*** Records for this exercise ***

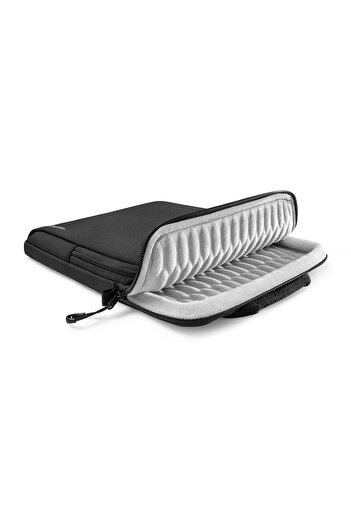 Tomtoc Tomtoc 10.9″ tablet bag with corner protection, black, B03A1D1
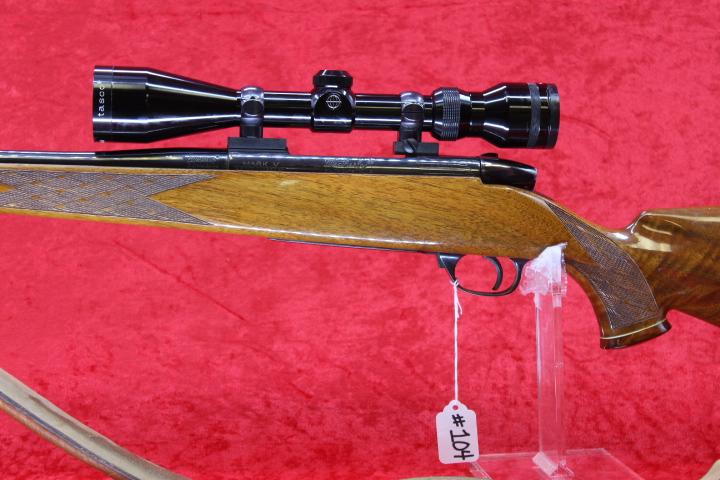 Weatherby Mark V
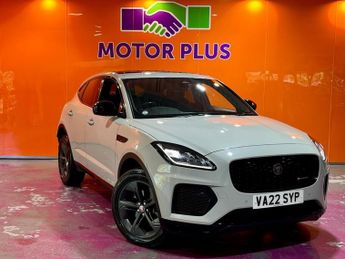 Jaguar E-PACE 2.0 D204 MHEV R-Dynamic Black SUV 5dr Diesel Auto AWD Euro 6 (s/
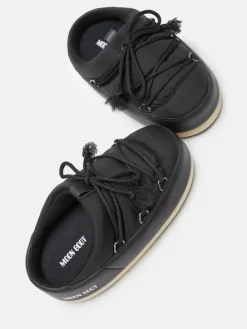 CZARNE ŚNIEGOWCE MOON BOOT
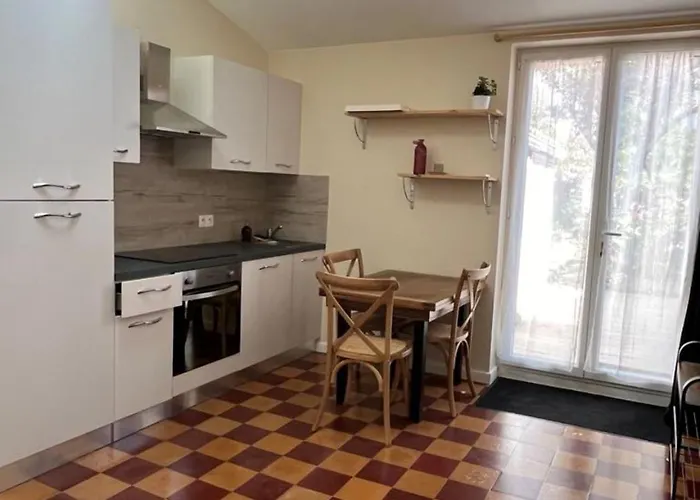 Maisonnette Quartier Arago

*** End of Records for this exercise ***
*** Records for this exercise ***

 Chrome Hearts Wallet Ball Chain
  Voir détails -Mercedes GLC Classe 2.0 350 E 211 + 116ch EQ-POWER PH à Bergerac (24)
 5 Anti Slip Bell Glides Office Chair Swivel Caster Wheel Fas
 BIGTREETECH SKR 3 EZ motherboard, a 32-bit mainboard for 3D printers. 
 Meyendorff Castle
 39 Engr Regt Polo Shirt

*** End of Records for this exercise ***
*** Records for this exercise ***

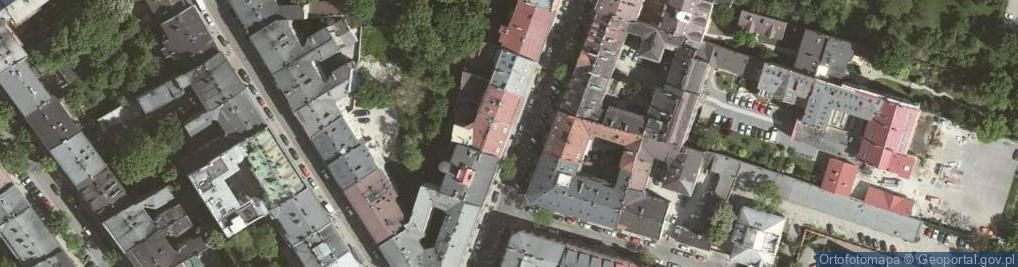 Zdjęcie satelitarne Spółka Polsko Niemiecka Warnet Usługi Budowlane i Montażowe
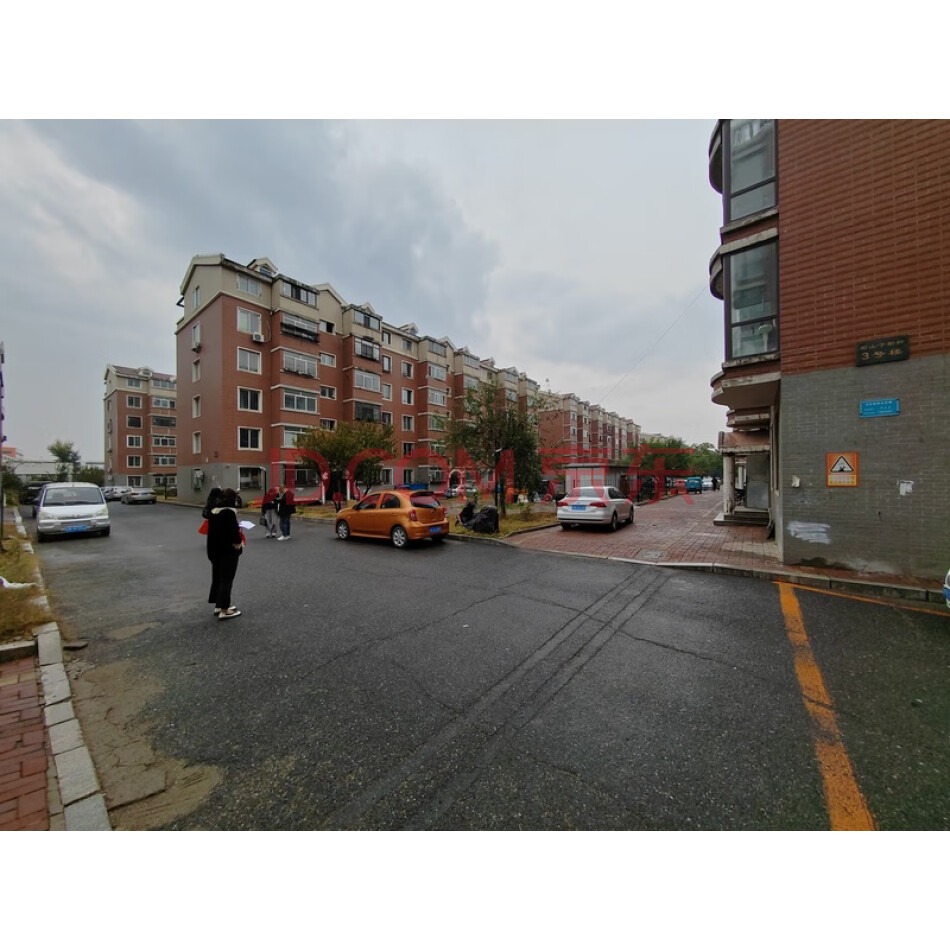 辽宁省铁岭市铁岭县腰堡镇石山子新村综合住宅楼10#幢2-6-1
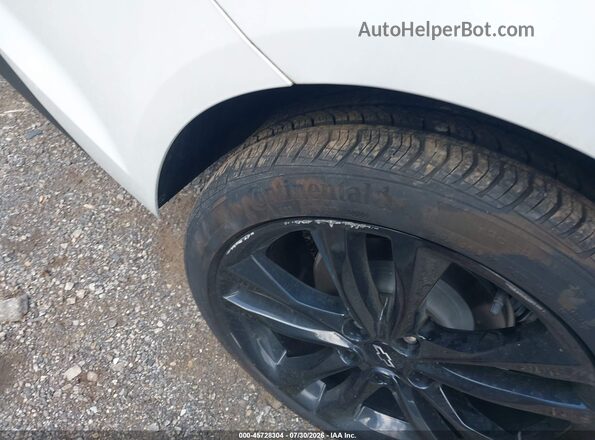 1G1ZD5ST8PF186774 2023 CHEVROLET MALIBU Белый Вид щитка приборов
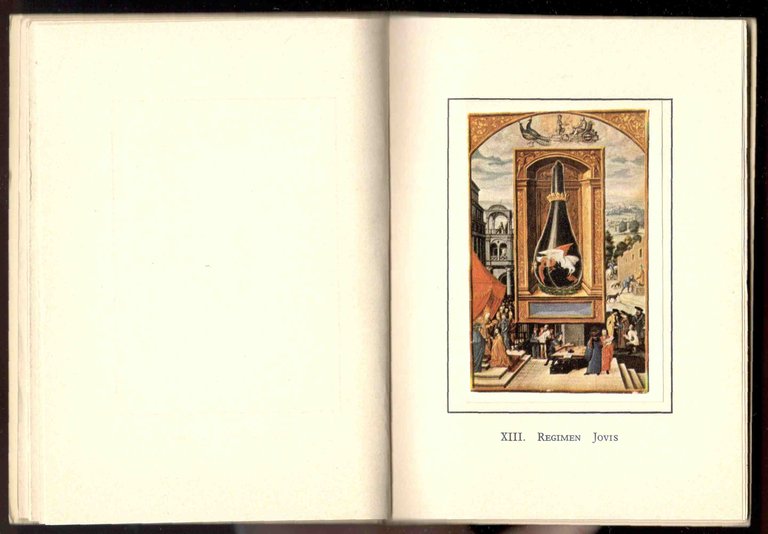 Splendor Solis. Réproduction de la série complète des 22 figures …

*** End of Records for this exercise ***

Problem details: Keep to the stretch from the line containing "Tomtoc Tomtoc 10.9″" through the line containing "Maisonnette Quartier Arago", both ends included, and copy it exactly from the listing above, minus the pictures.

Written response:
 Tomtoc Tomtoc 10.9″ tablet bag with corner protection, black, B03A1D1
 Weatherby Mark V
 Jaguar E-PACE 2.0 D204 MHEV R-Dynamic Black SUV 5dr Diesel Auto AWD Euro 6 (s/
 CZARNE ŚNIEGOWCE MOON BOOT
 Maisonnette Quartier Arago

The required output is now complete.